#### [Exercise objective]
Every line from the one holding "SOCIAL MEDIA LOGO" to the end of the entries should be repeated exactly, with the pictures left out.

#### [Source records]
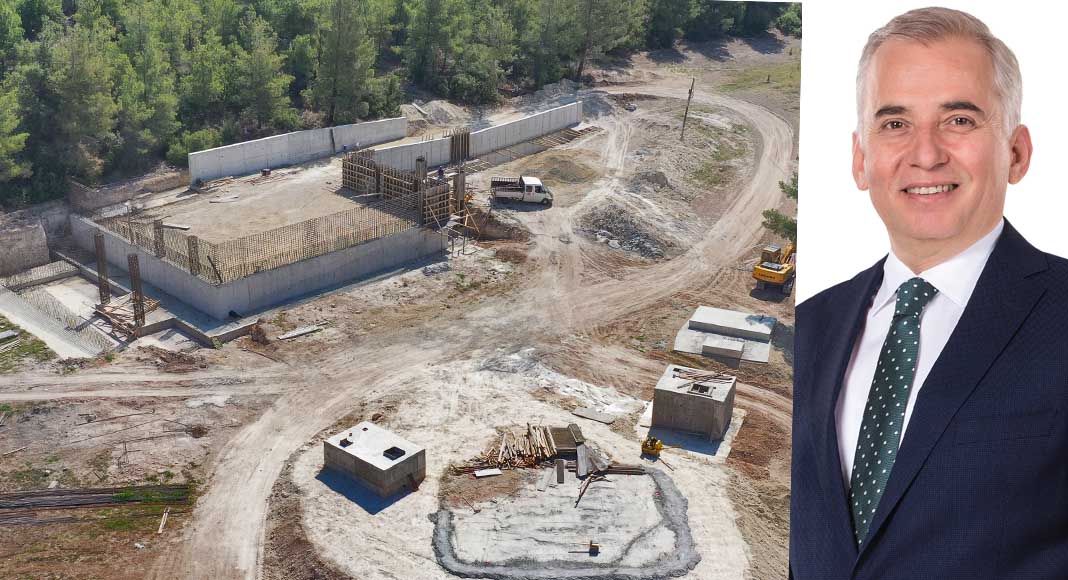 İKİ İLÇEDE VAHŞİ DEPOLAMAYA SON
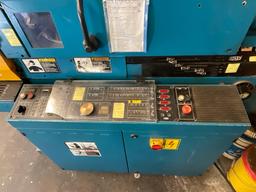 Boy 25D Plastic Injection Molding Machine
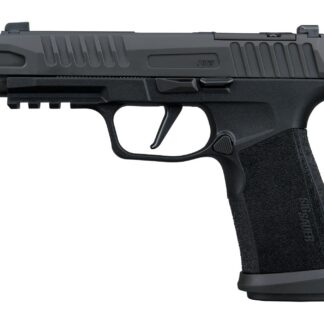 SIG SAUER P365 FUSE COMP 9MM 3.7" 21+1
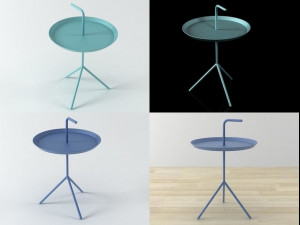 dlm by hay Modelo 3D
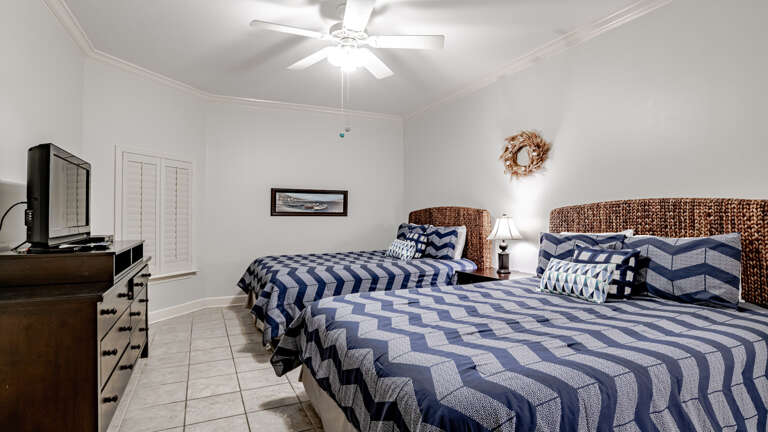 Phoenix West 706 3rd bedroom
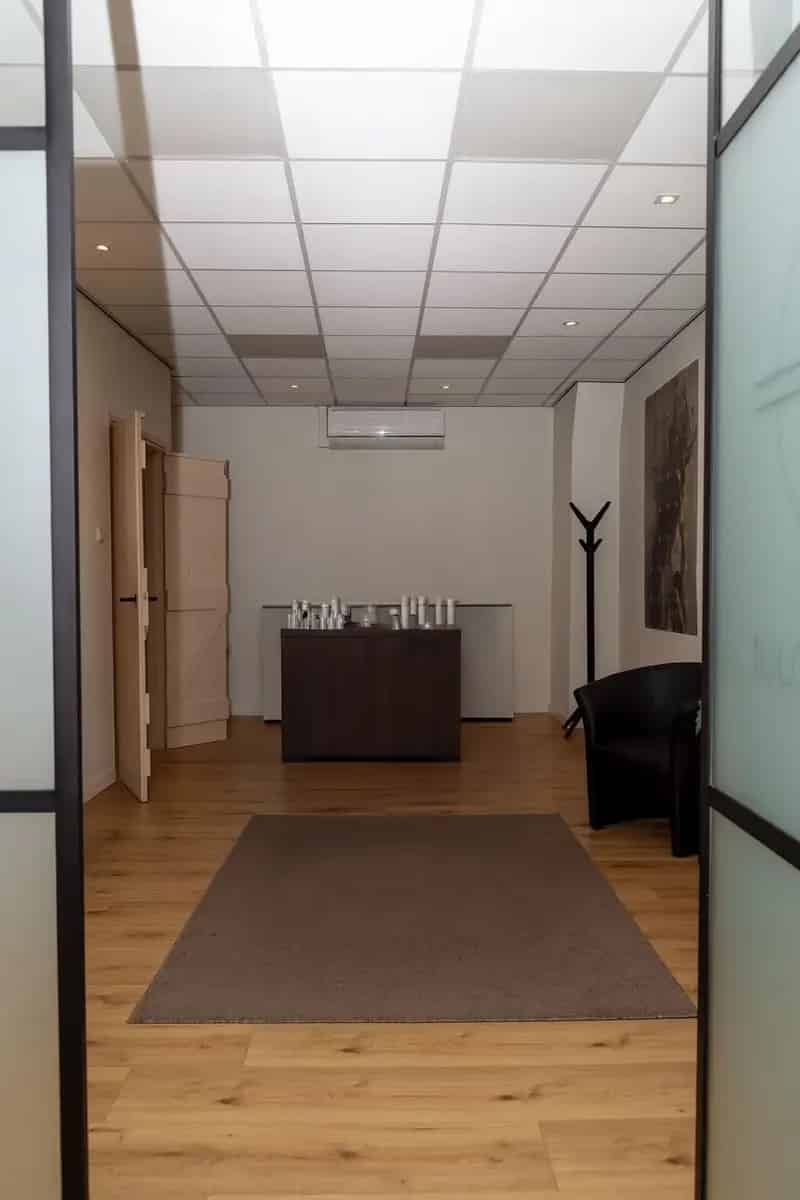 Winkelruimte te huur Beek Centrum 70m2 Gratis Parkeren
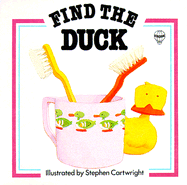 Find the Duck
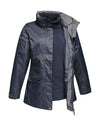 Women`s Benson III Jacket
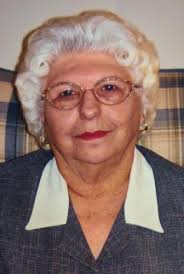 Maria Papoutsis Obituary (2024)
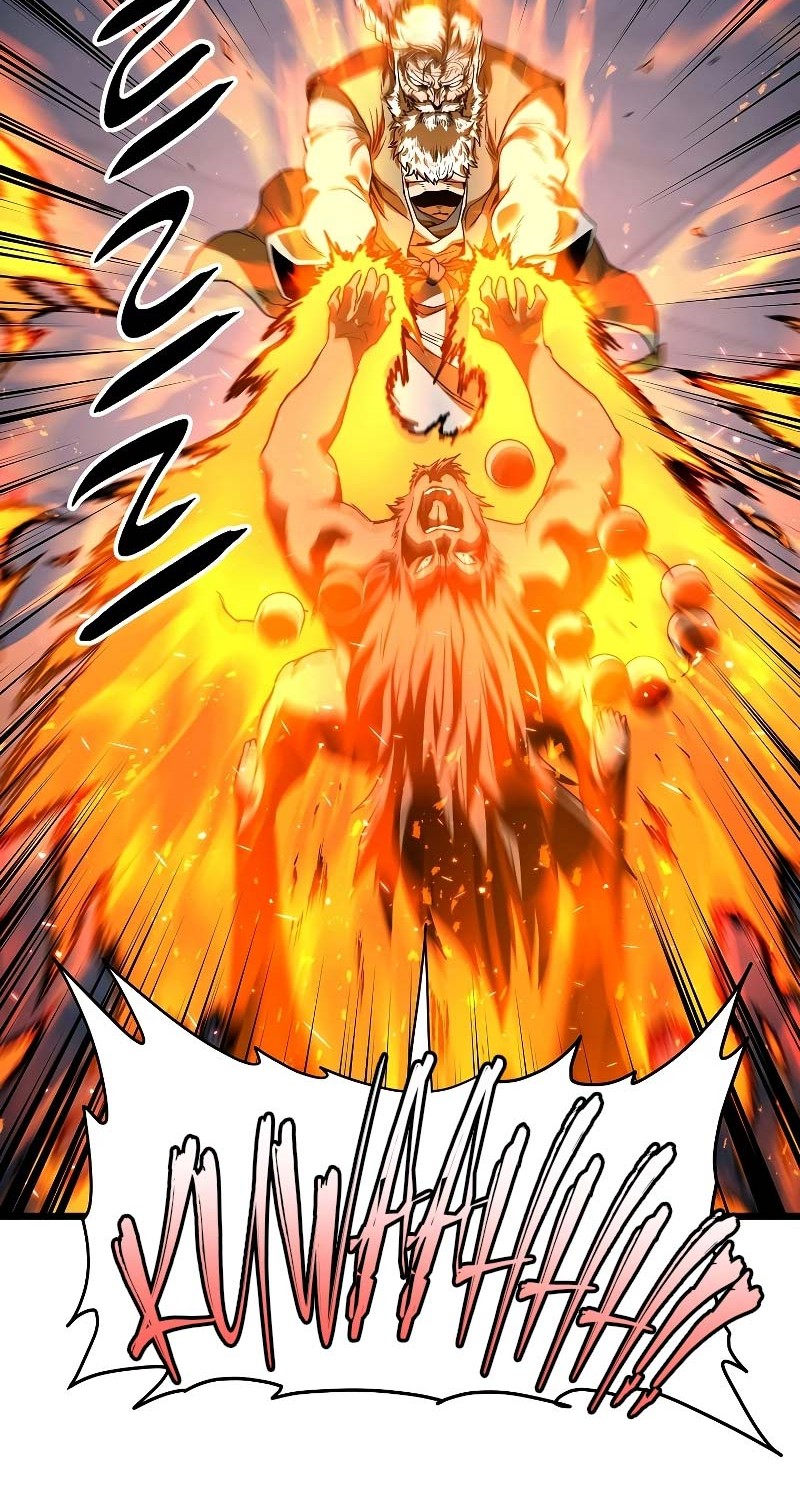 Murim Login chapter 177 halaman 33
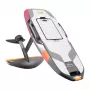 Waydoo EVO Master Plus 75L Elektro-Skateboard (Sunrise)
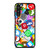 SOCIAL MEDIA LOGO Samsung Galaxy A14 5G Case Cover
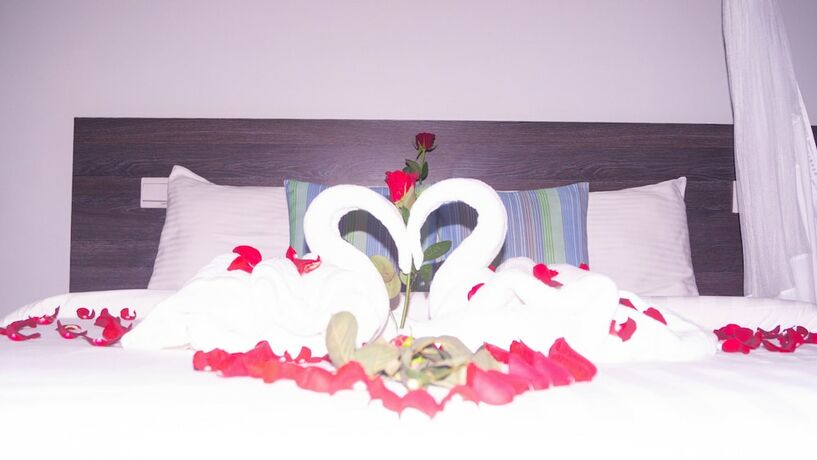 Imagen general del Hotel The Candela. Foto 3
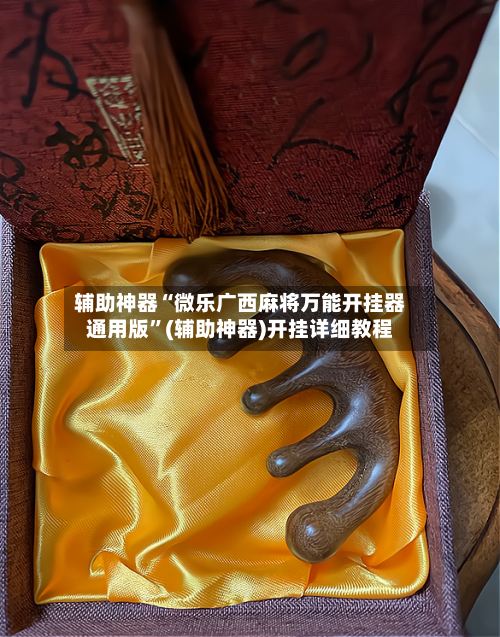 辅助神器“微乐广西麻将万能开挂器通用版”(辅助神器)开挂详细教程-第2张图片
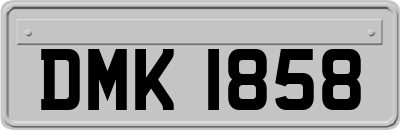 DMK1858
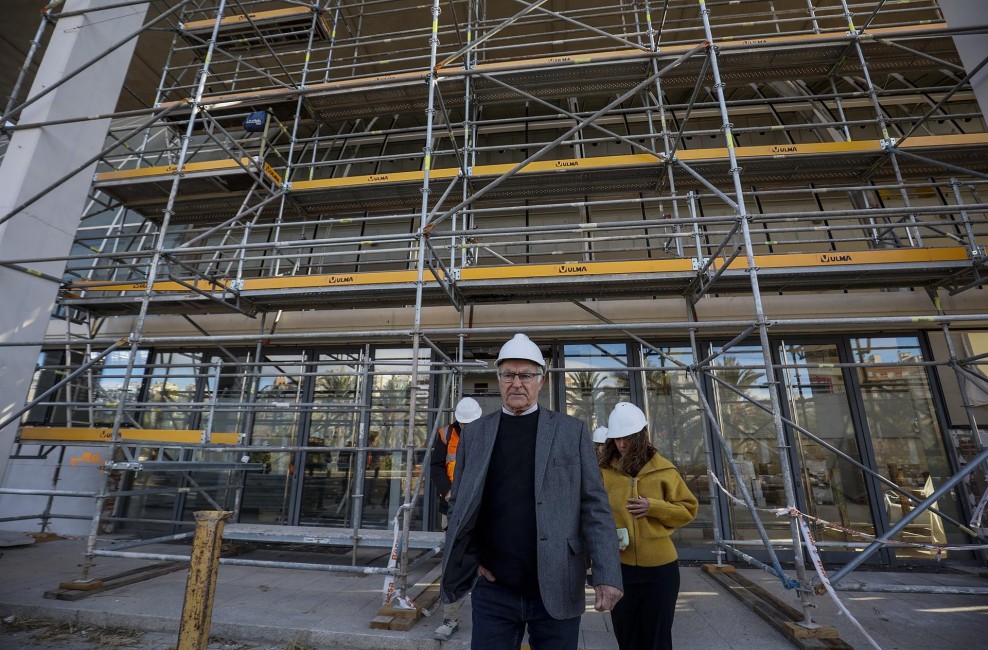 Foto: ROBER SOLSONA/ EP - 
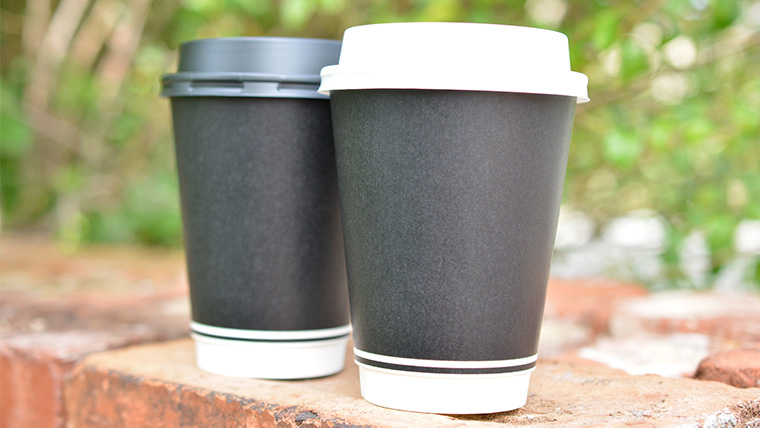 おしゃれ 8 オンス 280mlふたつき 紙容器 使い捨てコップ カフェ コーヒー500個 コーヒー 紙カップ テイクアウト ホットドリンク 容器業務用 楽天市場コーヒー ホットドリンク 蓋 使い捨てカップ ふたつき 蓋付き コーヒー 紙カップ 紙容器 使い捨てコップ 8オンス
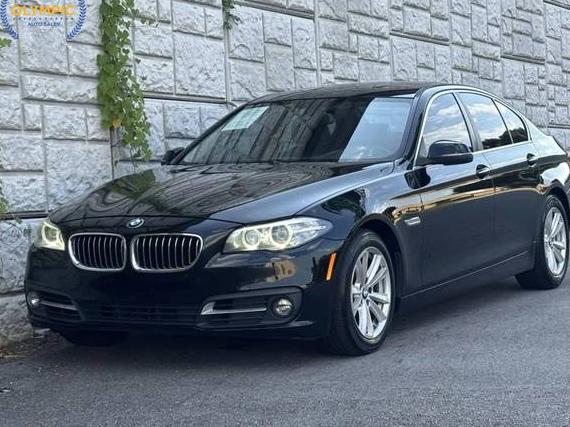 BMW 528I 2015 WBA5A5C57FD513025 image BMW 528I 2015 WBA5A5C57FD513025 image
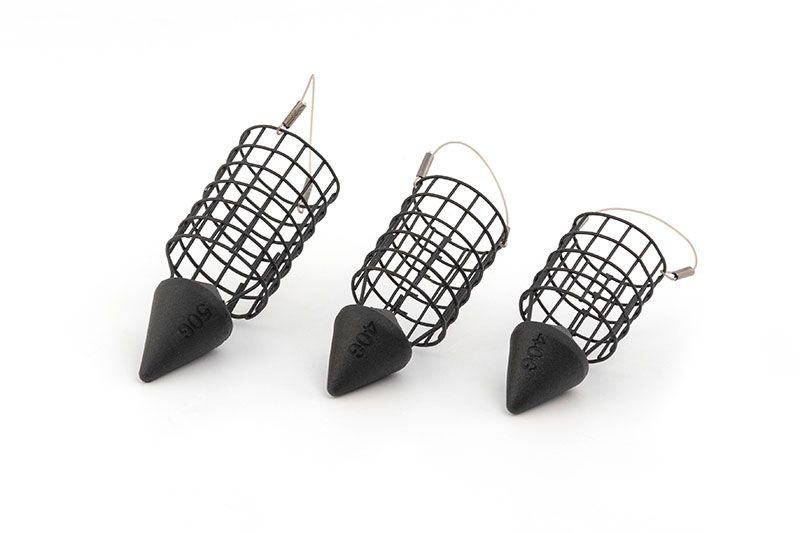 Хранилка Horizon Feeder Large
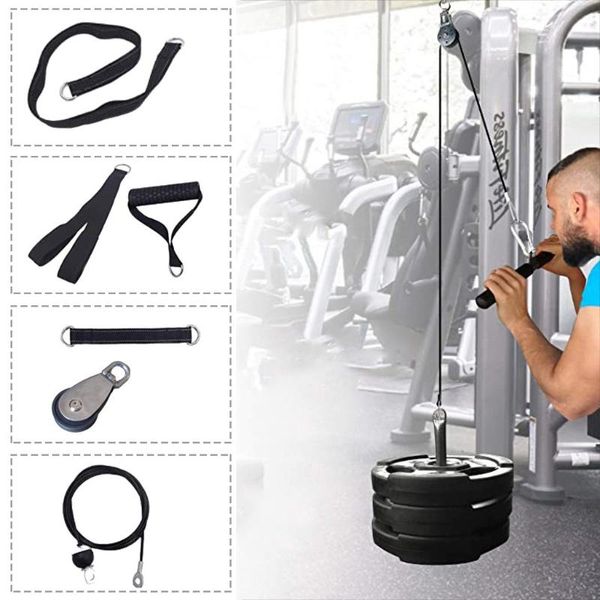 9pcs elastic resistance bands sets workout rubber elast band for fitness sports gym exercise training pull rope equipment#4
9pcs elastic resistance bands sets workout rubber elast band for fitness sports gym exercise training pull rope equipment#4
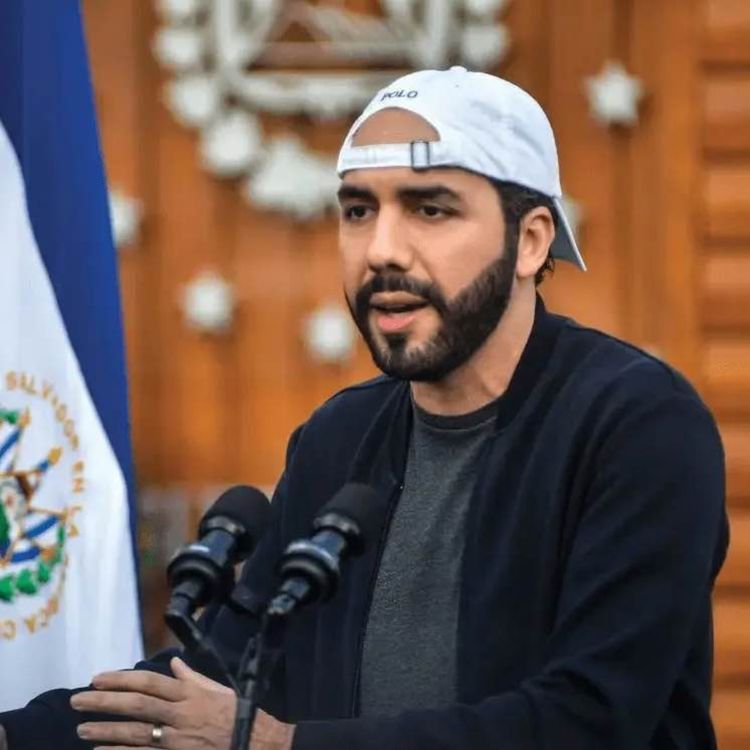 cover art for EL PANDILLERO BUKELE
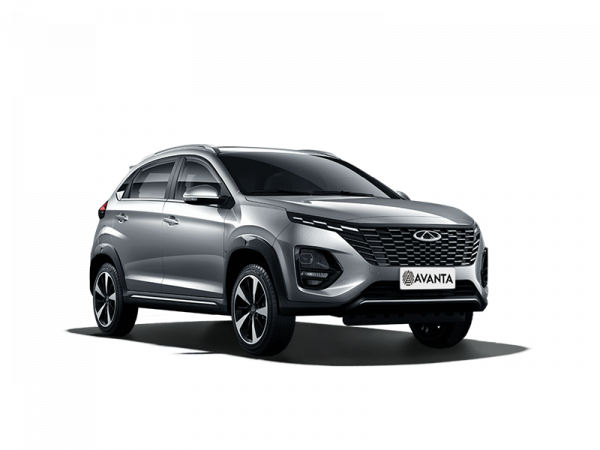 Chery Tiggo 2 Pro Стайл (Style) 1.5 CVT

#### [Exercise output]
 SOCIAL MEDIA LOGO Samsung Galaxy A14 5G Case Cover
 Imagen general del Hotel The Candela. Foto 3
 辅助神器“微乐广西麻将万能开挂器通用版”(辅助神器)开挂详细教程-第2张图片
 DMK1858
 Foto: ROBER SOLSONA/ EP - 
 おしゃれ 8 オンス 280mlふたつき 紙容器 使い捨てコップ カフェ コーヒー500個 コーヒー 紙カップ テイクアウト ホットドリンク 容器業務用 楽天市場コーヒー ホットドリンク 蓋 使い捨てカップ ふたつき 蓋付き コーヒー 紙カップ 紙容器 使い捨てコップ 8オンス
 BMW 528I 2015 WBA5A5C57FD513025 image BMW 528I 2015 WBA5A5C57FD513025 image
 Хранилка Horizon Feeder Large
 9pcs elastic resistance bands sets workout rubber elast band for fitness sports gym exercise training pull rope equipment#4
9pcs elastic resistance bands sets workout rubber elast band for fitness sports gym exercise training pull rope equipment#4
 cover art for EL PANDILLERO BUKELE
 Chery Tiggo 2 Pro Стайл (Style) 1.5 CVT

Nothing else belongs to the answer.